> _What you are asked to do_:
Beginning with the very first line, please reproduce the entries exactly through the line containing "LED-Weihnachtskette für den".

>>>

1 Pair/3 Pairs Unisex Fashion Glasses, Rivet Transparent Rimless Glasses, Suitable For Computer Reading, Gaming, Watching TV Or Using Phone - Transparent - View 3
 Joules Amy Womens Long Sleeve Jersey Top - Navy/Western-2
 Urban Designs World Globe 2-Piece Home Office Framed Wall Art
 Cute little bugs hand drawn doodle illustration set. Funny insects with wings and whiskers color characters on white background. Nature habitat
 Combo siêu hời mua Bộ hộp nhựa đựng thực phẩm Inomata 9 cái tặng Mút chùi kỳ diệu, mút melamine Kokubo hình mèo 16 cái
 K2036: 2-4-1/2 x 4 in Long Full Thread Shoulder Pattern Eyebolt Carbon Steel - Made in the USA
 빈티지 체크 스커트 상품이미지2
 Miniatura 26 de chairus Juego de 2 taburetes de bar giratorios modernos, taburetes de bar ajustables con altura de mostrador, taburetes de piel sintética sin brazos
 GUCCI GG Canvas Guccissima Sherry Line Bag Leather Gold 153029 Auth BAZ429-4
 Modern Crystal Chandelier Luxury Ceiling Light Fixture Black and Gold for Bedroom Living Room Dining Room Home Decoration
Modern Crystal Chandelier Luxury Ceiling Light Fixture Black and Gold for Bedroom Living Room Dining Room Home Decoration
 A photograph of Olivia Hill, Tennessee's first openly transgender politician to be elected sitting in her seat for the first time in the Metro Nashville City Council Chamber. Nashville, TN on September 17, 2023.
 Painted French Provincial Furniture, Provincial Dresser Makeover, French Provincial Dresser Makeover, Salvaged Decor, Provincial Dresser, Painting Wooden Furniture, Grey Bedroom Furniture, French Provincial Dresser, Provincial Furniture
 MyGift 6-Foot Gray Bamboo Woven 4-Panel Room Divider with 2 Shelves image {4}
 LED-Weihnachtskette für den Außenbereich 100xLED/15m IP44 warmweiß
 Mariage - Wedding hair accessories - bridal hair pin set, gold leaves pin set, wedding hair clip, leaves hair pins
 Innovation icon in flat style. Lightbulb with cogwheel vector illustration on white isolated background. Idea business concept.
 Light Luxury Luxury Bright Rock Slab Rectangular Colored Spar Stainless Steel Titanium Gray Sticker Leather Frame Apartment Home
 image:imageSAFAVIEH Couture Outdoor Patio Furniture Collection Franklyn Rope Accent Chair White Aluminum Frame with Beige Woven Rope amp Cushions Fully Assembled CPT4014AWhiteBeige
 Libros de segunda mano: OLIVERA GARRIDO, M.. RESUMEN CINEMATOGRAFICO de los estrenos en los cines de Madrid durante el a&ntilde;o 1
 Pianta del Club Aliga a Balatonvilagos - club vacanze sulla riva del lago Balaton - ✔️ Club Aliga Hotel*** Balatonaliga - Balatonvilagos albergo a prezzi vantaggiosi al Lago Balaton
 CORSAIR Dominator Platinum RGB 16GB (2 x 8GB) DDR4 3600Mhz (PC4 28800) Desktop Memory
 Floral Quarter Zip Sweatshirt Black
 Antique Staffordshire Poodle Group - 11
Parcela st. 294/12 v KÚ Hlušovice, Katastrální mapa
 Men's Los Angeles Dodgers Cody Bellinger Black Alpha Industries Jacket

<<<

> _Answer for this exercise_:
1 Pair/3 Pairs Unisex Fashion Glasses, Rivet Transparent Rimless Glasses, Suitable For Computer Reading, Gaming, Watching TV Or Using Phone - Transparent - View 3
 Joules Amy Womens Long Sleeve Jersey Top - Navy/Western-2
 Urban Designs World Globe 2-Piece Home Office Framed Wall Art
 Cute little bugs hand drawn doodle illustration set. Funny insects with wings and whiskers color characters on white background. Nature habitat
 Combo siêu hời mua Bộ hộp nhựa đựng thực phẩm Inomata 9 cái tặng Mút chùi kỳ diệu, mút melamine Kokubo hình mèo 16 cái
 K2036: 2-4-1/2 x 4 in Long Full Thread Shoulder Pattern Eyebolt Carbon Steel - Made in the USA
 빈티지 체크 스커트 상품이미지2
 Miniatura 26 de chairus Juego de 2 taburetes de bar giratorios modernos, taburetes de bar ajustables con altura de mostrador, taburetes de piel sintética sin brazos
 GUCCI GG Canvas Guccissima Sherry Line Bag Leather Gold 153029 Auth BAZ429-4
 Modern Crystal Chandelier Luxury Ceiling Light Fixture Black and Gold for Bedroom Living Room Dining Room Home Decoration
Modern Crystal Chandelier Luxury Ceiling Light Fixture Black and Gold for Bedroom Living Room Dining Room Home Decoration
 A photograph of Olivia Hill, Tennessee's first openly transgender politician to be elected sitting in her seat for the first time in the Metro Nashville City Council Chamber. Nashville, TN on September 17, 2023.
 Painted French Provincial Furniture, Provincial Dresser Makeover, French Provincial Dresser Makeover, Salvaged Decor, Provincial Dresser, Painting Wooden Furniture, Grey Bedroom Furniture, French Provincial Dresser, Provincial Furniture
 MyGift 6-Foot Gray Bamboo Woven 4-Panel Room Divider with 2 Shelves image {4}
 LED-Weihnachtskette für den Außenbereich 100xLED/15m IP44 warmweiß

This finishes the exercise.